Monday morning however I woke up with my eyes very swollen
In these photos the swelling has come down considerably. My under eye area had been very itchy since Thursday which I had put down to dry eyes which is something I suffer from anyway. Monday morning I really had to stop myself from scratching as I would have scratched until I bled. I dosed myself up with antihistamines and then waited to see if the vertigo started again. The vertigo had been coming on 3-4 hours after waking up, so I bided my time before pronouncing a vertigo free zone. Thankfully the vertigo hasn’t come back since dropping the dose back to 15mg, my blood pressure is back to its low but normal state.
My gp rang me by chance on Monday and I managed to miss the call. He let a voicemail saying he had received an email from my PoTs consultant about starting melatonin and had written me a prescription for it. I rang the surgery back to pass on the message I had dropped the mizatrapine back down to 15mg due to the side effects I was suffering.

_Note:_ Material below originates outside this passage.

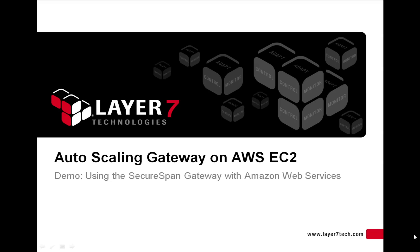More companies today are taking advantage of Amazon Web Services for their web and cloud-based services, especially on-demand scalable instances. The Layer 7 SecureSpan Gateway supports the ability to automatically scale with your web services.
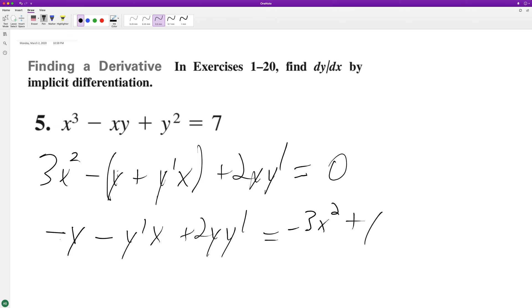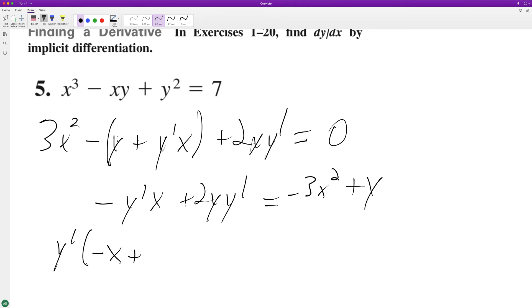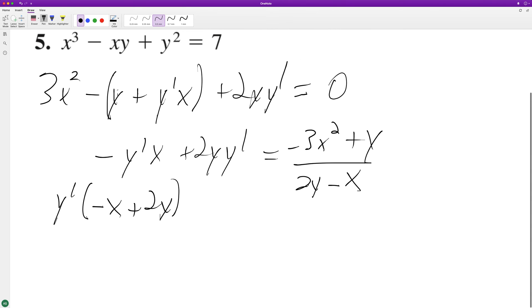We move terms over and then factor out a y prime, giving us negative x plus 2y. Yeah, that works — so just finally rearranging this to solve for y prime.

Tuesday morning there was no swollen eyelids which was fab and I had slept well due to the Melatonin I had taken the night before. I have been sleeping all night and feel more rested than I have done in a very long time. I still have fatigue but it’s no longer at the level it was when I wasn’t sleeping. I don’t know now if the mizatrapine caused the swollen eyes or if it’s something I have eaten. It could be anything at all as I can react to stuff and then the next time I have it there is no reaction.
So now I am back to my normal level of crappy health after four days of feeling truly awful and almost being confined completely to my bed due to the vertigo. At least however (touch wood) so far there seems to be no issues with the melatonin.